Re: [PATCH net-next v2 2/4] net: call getsockopt_iter if available
Posted by Breno Leitao 2 hours ago
On Wed, Apr 01, 2026 at 09:34:04AM -0700, Stanislav Fomichev wrote:
> > +static int do_sock_getsockopt_iter(struct socket *sock,
> > +				   const struct proto_ops *ops, int level,
> > +				   int optname, sockptr_t optval,
> > +				   sockptr_t optlen)
>
> If we want to eventually remove sockptr_t, why not make this new handler
> work with iov_iters from the beginning? The callers can have some new temporary
> sockptr_to_iter() or something?

The goal is to eliminate __user memory from the callbacks entirely, which
would make sockptr_t unnecessary. This series removes the callbacks that
originally necessitated sockptr_t's existence.

Therefore, working from the callbacks back to userspace seem to be a more
logical approach than replacing the middle layers of the implementation,
and then touching the callbacks.

So, yes, the sockptr_t() is used here as temporary glue to be able to
get rid of the elephant in the room.

> > +	/* iter is initialized as ITER_DEST. Callbacks that need to read
> > +	 * from optval (e.g. PACKET_HDRLEN) must flip data_source to
> > +	 * ITER_SOURCE, then restore ITER_DEST before writing back.
> > +	 */
>
> Have you considered creating two iters? opt.iter_in and opt.iter_out.
> That way you don't have to flip the source back and forth in the
> handlers.

That's a good suggestion I hadn't considered. My initial thought was to
create a helper like sockopt_read_val() to handle the flip-read-flip
dance.

Would opt.iter_in and opt.iter_out be clearer than the helper approach?

Thanks for the review,
--breno
Re: [PATCH net-next v2 2/4] net: call getsockopt_iter if available
Posted by Stanislav Fomichev 2 hours ago
On 04/01, Breno Leitao wrote:
> On Wed, Apr 01, 2026 at 09:34:04AM -0700, Stanislav Fomichev wrote:
> > > +static int do_sock_getsockopt_iter(struct socket *sock,
> > > +				   const struct proto_ops *ops, int level,
> > > +				   int optname, sockptr_t optval,
> > > +				   sockptr_t optlen)
> >
> > If we want to eventually remove sockptr_t, why not make this new handler
> > work with iov_iters from the beginning? The callers can have some new temporary
> > sockptr_to_iter() or something?
> 
> The goal is to eliminate __user memory from the callbacks entirely, which
> would make sockptr_t unnecessary. This series removes the callbacks that
> originally necessitated sockptr_t's existence.
> 
> Therefore, working from the callbacks back to userspace seem to be a more
> logical approach than replacing the middle layers of the implementation,
> and then touching the callbacks.
> 
> So, yes, the sockptr_t() is used here as temporary glue to be able to
> get rid of the elephant in the room.

So maybe something like this is better to communicate your long term intent?

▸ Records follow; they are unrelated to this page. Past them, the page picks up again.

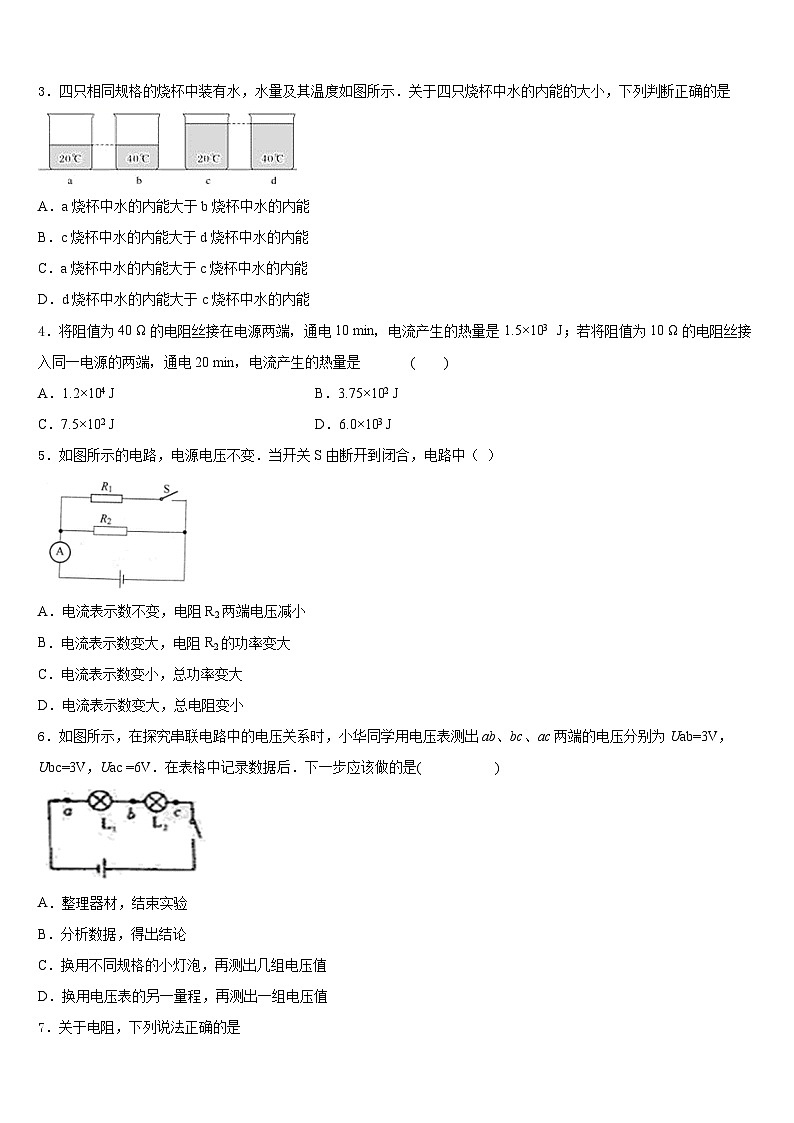 北京市海淀中学2023-2024学年物理九年级第一学期期末质量检测模拟试题含答案02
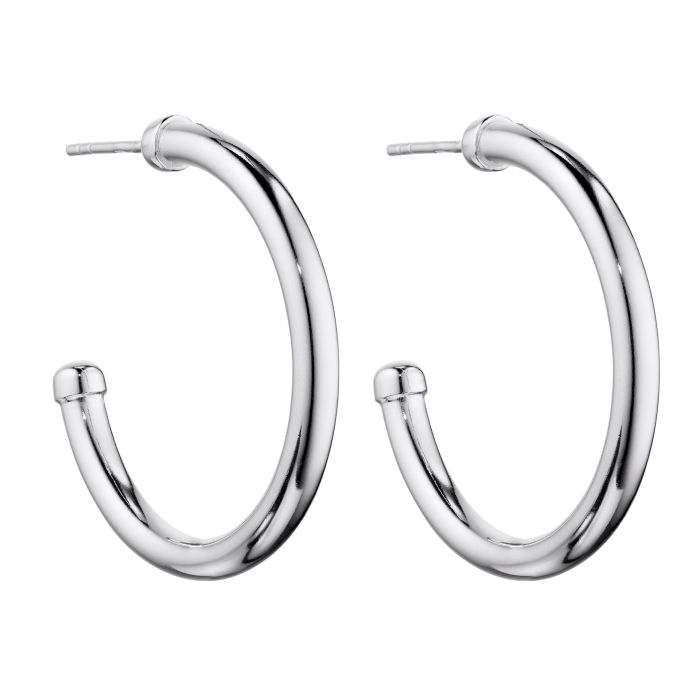 Silver Large 3/4 hoop earrings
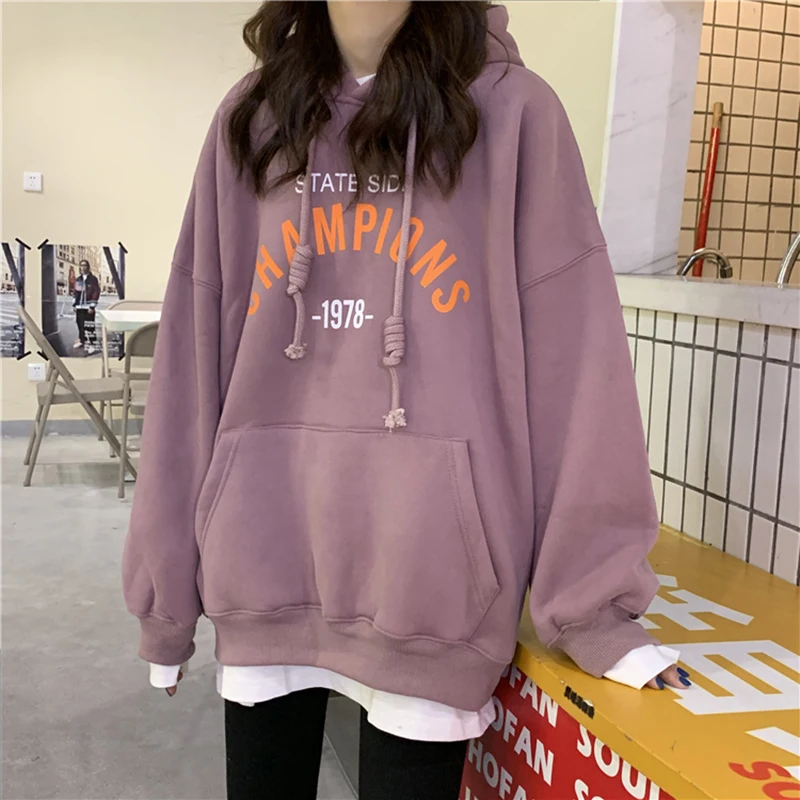

Hat Hoodies Women Korean Fashion Style Clothes Letter Printed Hoody Loose Plus Size Hoodie for Women Casual Tops Female Pullover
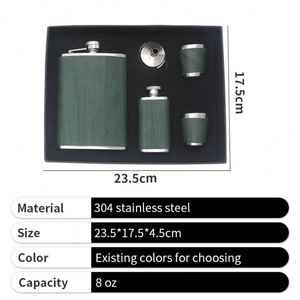 Mini flacons portables en acier inoxydable 6oz/7oz/8oz, forme gourde, avec enveloppe en cuir pour whisky, alcool, coffret cadeau - Product Image 3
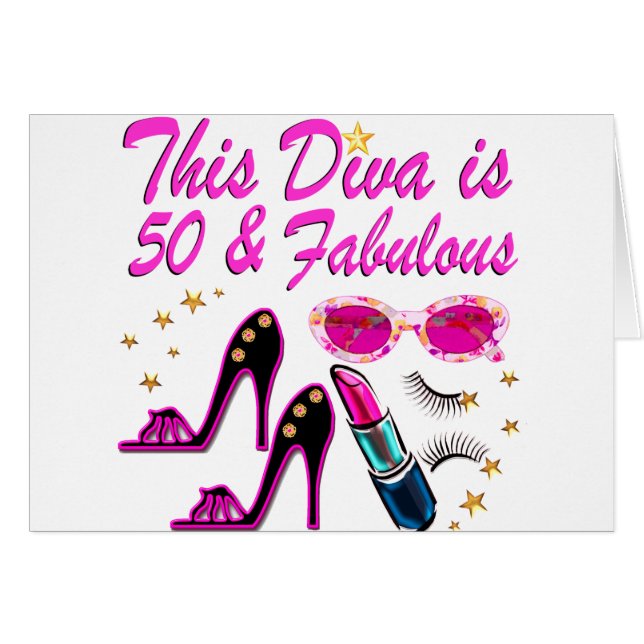 CARTÃO DAZZLING 50TH DIVA (Frente horizontal)
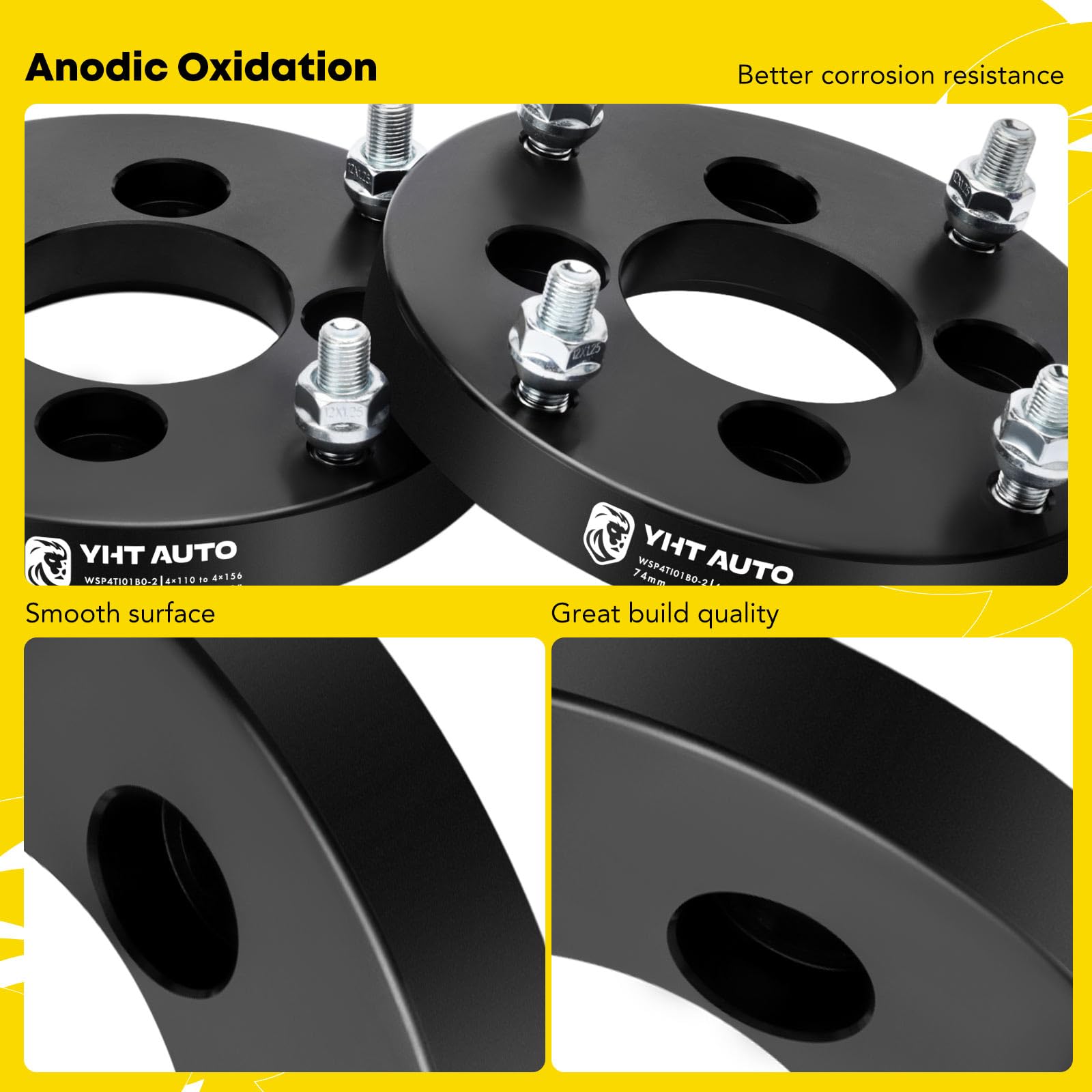 YHTAUTO 4x110 to 4x156mm Wheel Adapters 1" Fits Honda, Suzuki & Arctic Cat Models, Foreman, DS450, Quest, Traxter Tire Spacers w/ M12x1.25 & 12.9 Grade Studs, 74mm Hub Bore 4 Lug 4PCS Wheel Spacers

	} else if (ops->getsockopt_iter) {
		optval = sockptr_to_iter(optval)
		optlen = sockptr_to_iter(optlen)
		do_sock_getsockopt_iter(...) /* does not know what sockpt_t is */
	}

?

Then your new do_sock_getsockopt_iter is sockptr-free from the beginning
and at some point we'll just drop/move those sockptr_to_iter calls?
 
> > > +	/* iter is initialized as ITER_DEST. Callbacks that need to read
> > > +	 * from optval (e.g. PACKET_HDRLEN) must flip data_source to
> > > +	 * ITER_SOURCE, then restore ITER_DEST before writing back.
> > > +	 */
> >
> > Have you considered creating two iters? opt.iter_in and opt.iter_out.
> > That way you don't have to flip the source back and forth in the
> > handlers.
> 
> That's a good suggestion I hadn't considered. My initial thought was to
> create a helper like sockopt_read_val() to handle the flip-read-flip
> dance.
> 
> Would opt.iter_in and opt.iter_out be clearer than the helper approach?
> 
> Thanks for the review,
> --breno

I hope this way it will be easier to review protocol handler changes.

For example, looking at your AF_PACKET patch, you won't have to care
about flipping the source and doing the revert. Most/all of the changes will
be simple:
- s/get_user(len, optlen)/len = opt->optlen/
- s/put_user(len, optlen)/opt->optlen = len/
- s/copy_from_user(xxx, optval, len)/copy_from_iter(xxx, len, &opt->iter_in)/
- s/copy_to_user(optval, xxx, len)/copy_to_iter(xxx, len, &opt->iter_out)/

Might be even possible to express these with coccinelle?